▶ **The task**
Everything in the entries below must be output exactly, apart from the pictures.

▶ **Dataset**
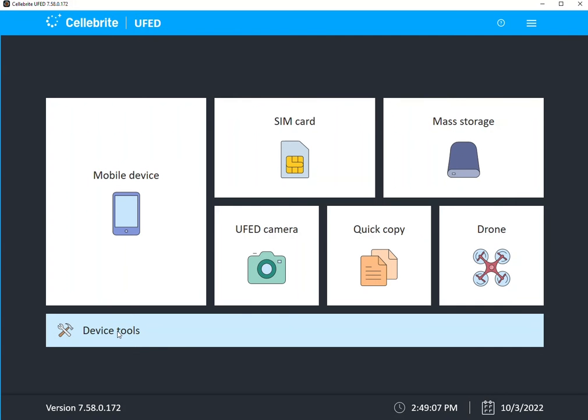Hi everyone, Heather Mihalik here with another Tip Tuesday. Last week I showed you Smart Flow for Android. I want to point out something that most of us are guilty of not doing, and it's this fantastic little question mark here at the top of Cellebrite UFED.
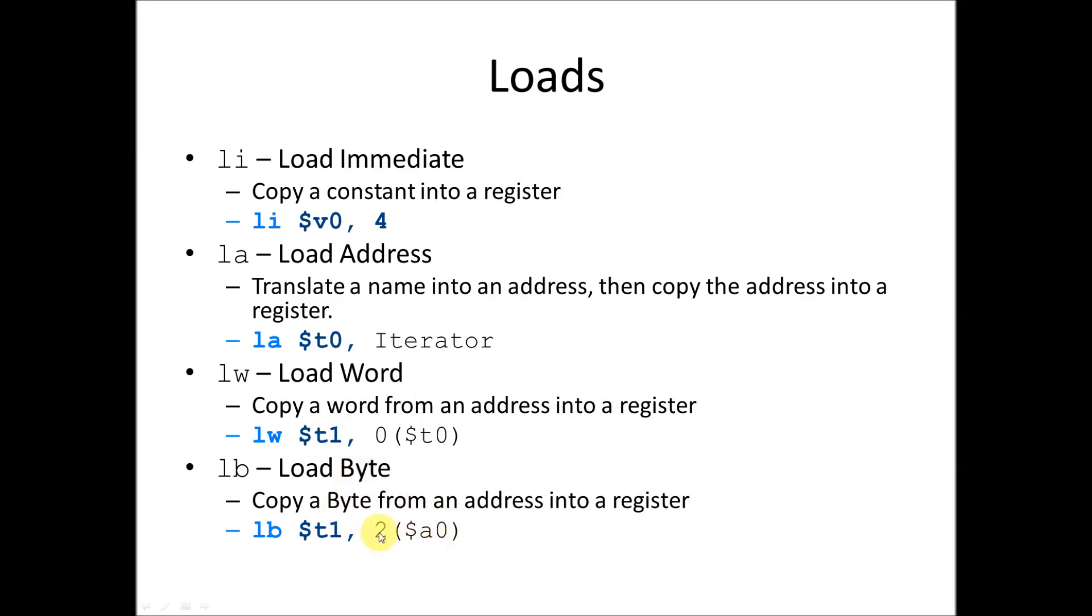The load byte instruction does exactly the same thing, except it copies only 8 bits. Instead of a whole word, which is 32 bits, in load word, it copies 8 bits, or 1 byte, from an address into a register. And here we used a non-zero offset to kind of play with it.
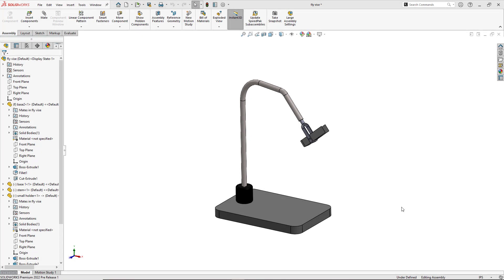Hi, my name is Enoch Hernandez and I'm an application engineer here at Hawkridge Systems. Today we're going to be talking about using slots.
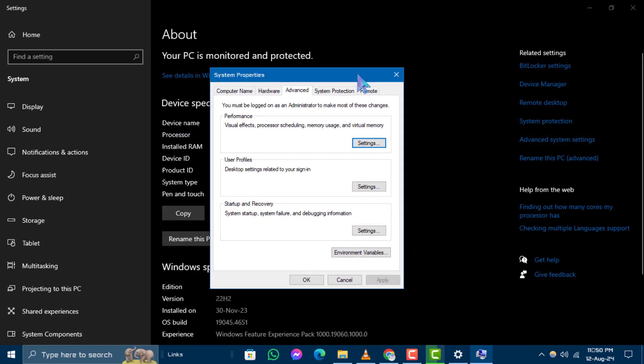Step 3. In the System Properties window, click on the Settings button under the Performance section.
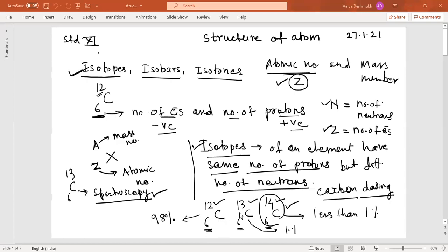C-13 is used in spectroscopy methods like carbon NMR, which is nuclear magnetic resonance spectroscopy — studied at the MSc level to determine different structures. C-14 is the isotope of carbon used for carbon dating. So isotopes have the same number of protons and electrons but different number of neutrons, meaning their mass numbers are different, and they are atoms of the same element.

▶ **Solution for this exercise**
Hi everyone, Heather Mihalik here with another Tip Tuesday. Last week I showed you Smart Flow for Android. I want to point out something that most of us are guilty of not doing, and it's this fantastic little question mark here at the top of Cellebrite UFED.
The load byte instruction does exactly the same thing, except it copies only 8 bits. Instead of a whole word, which is 32 bits, in load word, it copies 8 bits, or 1 byte, from an address into a register. And here we used a non-zero offset to kind of play with it.
Hi, my name is Enoch Hernandez and I'm an application engineer here at Hawkridge Systems. Today we're going to be talking about using slots.
Step 3. In the System Properties window, click on the Settings button under the Performance section.
C-13 is used in spectroscopy methods like carbon NMR, which is nuclear magnetic resonance spectroscopy — studied at the MSc level to determine different structures. C-14 is the isotope of carbon used for carbon dating. So isotopes have the same number of protons and electrons but different number of neutrons, meaning their mass numbers are different, and they are atoms of the same element.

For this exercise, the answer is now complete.